This Python class provides a secure interface for executing commands inside containers. It applies resource limits before execution and handles timeouts to prevent hanging processes.

File: process-manager.py

#!/usr/bin/env python3
"""
Secure process execution manager
"""

import os
import subprocess
import resource
import signal
from typing import List, Dict

class SecureProcessManager:
    def __init__(self,
                 max_memory_mb: int = 4096,
                 max_cpu_time_sec: int = 300,
                 max_processes: int = 100):
        self.max_memory = max_memory_mb * 1024 * 1024
        self.max_cpu_time = max_cpu_time_sec
        self.max_processes = max_processes

    def set_limits(self):
        """Set resource limits before process execution"""
        # Memory limit
        resource.setrlimit(
            resource.RLIMIT_AS,
            (self.max_memory, self.max_memory)
        )

        # CPU time limit
        resource.setrlimit(
            resource.RLIMIT_CPU,
            (self.max_cpu_time, self.max_cpu_time)
        )

        # Process/thread limit
        resource.setrlimit(
            resource.RLIMIT_NPROC,
            (self.max_processes, self.max_processes)
        )

        # File descriptor limit
        resource.setrlimit(
            resource.RLIMIT_NOFILE,
            (20000, 20000)
        )

        # File size limit (prevent large files)
        resource.setrlimit(
            resource.RLIMIT_FSIZE,
            (100 * 1024 * 1024, 100 * 1024 * 1024)  # 100MB
        )

    def execute_command(self,
                       cmd: List[str],
                       env: Dict[str, str] = None,
                       timeout: int = 30) -> Dict:
        """Execute command with security constraints"""

        try:
            # Create restricted environment
            safe_env = {
                'PATH': '/usr/local/bin:/usr/bin:/bin',
                'HOME': '/home/developer',
                'USER': 'developer',
                'SHELL': '/bin/bash'
            }
            if env:
                safe_env.update(env)

            # Execute with preexec_fn to set limits
            proc = subprocess.Popen(
                cmd,
                stdout=subprocess.PIPE,
                stderr=subprocess.PIPE,
                env=safe_env,
                preexec_fn=self.set_limits,
                start_new_session=True  # Create new process group
            )

            # Wait with timeout
            try:
                stdout, stderr = proc.communicate(timeout=timeout)
                return {
                    'returncode': proc.returncode,
                    'stdout': stdout.decode('utf-8', errors='replace'),
                    'stderr': stderr.decode('utf-8', errors='replace')
                }
            except subprocess.TimeoutExpired:
                # Kill entire process group
                os.killpg(os.getpgid(proc.pid), signal.SIGKILL)
                return {
                    'returncode': -1,
                    'stdout': '',
                    'stderr': 'Process killed: timeout exceeded'
                }

        except Exception as e:
            return {
                'returncode': -1,
                'stdout': '',
                'stderr': f'Execution error: {str(e)}'
            }

# Usage
if __name__ == '__main__':
    manager = SecureProcessManager()
    result = manager.execute_command(['python3', 'user_script.py'])
    print(f"Exit code: {result['returncode']}")
    print(f"Output: {result['stdout']}")

Seccomp Configuration

Seccomp (secure computing mode) filters which system calls a container can make. This profile allows only the syscalls needed for typical applications while blocking dangerous calls that could lead to privilege escalation or container escape.
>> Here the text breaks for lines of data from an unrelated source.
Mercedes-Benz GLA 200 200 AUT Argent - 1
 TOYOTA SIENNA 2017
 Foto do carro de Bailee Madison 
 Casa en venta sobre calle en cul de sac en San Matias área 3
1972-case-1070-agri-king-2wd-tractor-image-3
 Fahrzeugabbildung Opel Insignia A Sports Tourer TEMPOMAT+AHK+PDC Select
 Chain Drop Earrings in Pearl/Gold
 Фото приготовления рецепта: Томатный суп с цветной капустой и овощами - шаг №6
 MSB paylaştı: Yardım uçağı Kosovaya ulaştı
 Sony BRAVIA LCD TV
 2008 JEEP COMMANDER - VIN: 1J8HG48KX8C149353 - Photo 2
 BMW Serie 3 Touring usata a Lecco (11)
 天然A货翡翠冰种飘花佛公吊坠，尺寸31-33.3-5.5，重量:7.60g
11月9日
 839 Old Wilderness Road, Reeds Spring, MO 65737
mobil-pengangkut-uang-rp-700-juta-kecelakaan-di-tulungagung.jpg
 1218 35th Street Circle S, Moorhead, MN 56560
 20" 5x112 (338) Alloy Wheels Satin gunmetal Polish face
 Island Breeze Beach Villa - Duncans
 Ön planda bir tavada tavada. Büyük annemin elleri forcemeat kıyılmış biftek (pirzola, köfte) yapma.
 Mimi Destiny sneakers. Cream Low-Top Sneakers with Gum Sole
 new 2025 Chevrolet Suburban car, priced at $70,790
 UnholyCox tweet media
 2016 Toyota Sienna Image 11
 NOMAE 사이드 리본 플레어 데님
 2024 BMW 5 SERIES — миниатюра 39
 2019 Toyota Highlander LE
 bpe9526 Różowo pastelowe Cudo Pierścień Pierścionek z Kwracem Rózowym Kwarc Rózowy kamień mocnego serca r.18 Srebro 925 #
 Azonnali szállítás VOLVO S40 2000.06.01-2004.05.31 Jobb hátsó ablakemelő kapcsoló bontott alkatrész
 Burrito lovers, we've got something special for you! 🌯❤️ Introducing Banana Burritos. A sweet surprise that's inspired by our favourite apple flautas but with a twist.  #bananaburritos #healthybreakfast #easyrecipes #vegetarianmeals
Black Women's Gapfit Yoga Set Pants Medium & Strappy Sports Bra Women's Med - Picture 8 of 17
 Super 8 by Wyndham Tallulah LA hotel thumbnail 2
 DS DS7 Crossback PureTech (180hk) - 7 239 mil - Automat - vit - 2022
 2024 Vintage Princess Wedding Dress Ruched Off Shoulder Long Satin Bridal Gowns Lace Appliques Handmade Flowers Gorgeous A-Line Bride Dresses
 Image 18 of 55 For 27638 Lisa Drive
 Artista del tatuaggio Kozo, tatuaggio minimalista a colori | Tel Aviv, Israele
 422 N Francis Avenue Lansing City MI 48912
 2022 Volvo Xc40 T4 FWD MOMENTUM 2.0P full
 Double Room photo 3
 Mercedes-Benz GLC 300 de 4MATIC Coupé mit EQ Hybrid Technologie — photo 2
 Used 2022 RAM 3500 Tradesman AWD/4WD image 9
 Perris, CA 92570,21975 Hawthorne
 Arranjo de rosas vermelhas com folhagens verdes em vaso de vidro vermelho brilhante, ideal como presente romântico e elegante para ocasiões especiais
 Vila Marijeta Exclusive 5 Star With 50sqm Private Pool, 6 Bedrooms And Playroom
File: /etc/docker/seccomp/sandbox-profile.json

{
  "defaultAction": "SCMP_ACT_ERRNO",
  "architectures": ["SCMP_ARCH_X86_64", "SCMP_ARCH_X86", "SCMP_ARCH_X32"],
  "syscalls": [
    {
      "names": [
        "accept",
        "access",
        "alarm",
        "bind",
        "brk",
        "chdir",
        "chmod",
        "chown",
        "clone",
        "close",
        "connect",
        "creat",
        "dup",
        "dup2",
        "execve",
        "exit",
        "fchmod",
        "fchdir",
        "fchown",
        "fcntl",
        "fdatasync",
        "flock",
        "fork",
        "fstat",
        "fsync",
        "ftruncate",
        "getcwd",
        "getdents",
        "getegid",
        "geteuid",
        "getgid",
        "getgroups",
        "getitimer",
        "getpeername",
        "getpgid",
        "getpgrp",
        "getpid",
        "getppid",
        "getresgid",
        "getresuid",
        "getrlimit",
        "getrusage",
        "getsockname",
        "getsockopt",
        "gettimeofday",
        "getuid",
        "ioctl",
        "kill",
        "lchown",
        "link",
        "listen",
        "lseek",
        "lstat",
        "madvise",
        "mkdir",
        "mincore",
        "mmap",
        "mprotect",
        "mremap",
        "msync",
        "munmap",
        "nanosleep",
        "open",
        "pause",
        "pipe",
        "poll",
        "pread64",
        "ptrace",
        "pwrite64",
        "read",
        "readlink",
        "readv",
        "recvfrom",
        "recvmsg",
        "rename",
        "rmdir",
        "rt_sigaction",
        "rt_sigprocmask",
        "rt_sigreturn",
        "sched_yield",
        "select",
        "sendfile",
        "sendmsg",
        "sendto",
        "setfsgid",
        "setfsuid",
        "setgid",
        "setgroups",
        "setitimer",
        "setpgid",
        "setregid",
        "setresgid",
        "setresuid",
        "setreuid",
        "setsid",
        "setsockopt",
        "setuid",
        "shmat",
        "shmctl",
        "shmget",
        "shutdown",
        "socket",
        "socketpair",
        "stat",
        "symlink",
        "sysinfo",
        "times",
        "truncate",
        "umask",
        "uname",
        "unlink",
        "vfork",
        "wait4",
        "write",
        "writev"
      ],
      "action": "SCMP_ACT_ALLOW"
    }
  ]
}

Apply seccomp profile:

After creating the seccomp profile, apply it to containers using the --security-opt flag. This restricts the container to only the allowed syscalls in the profile.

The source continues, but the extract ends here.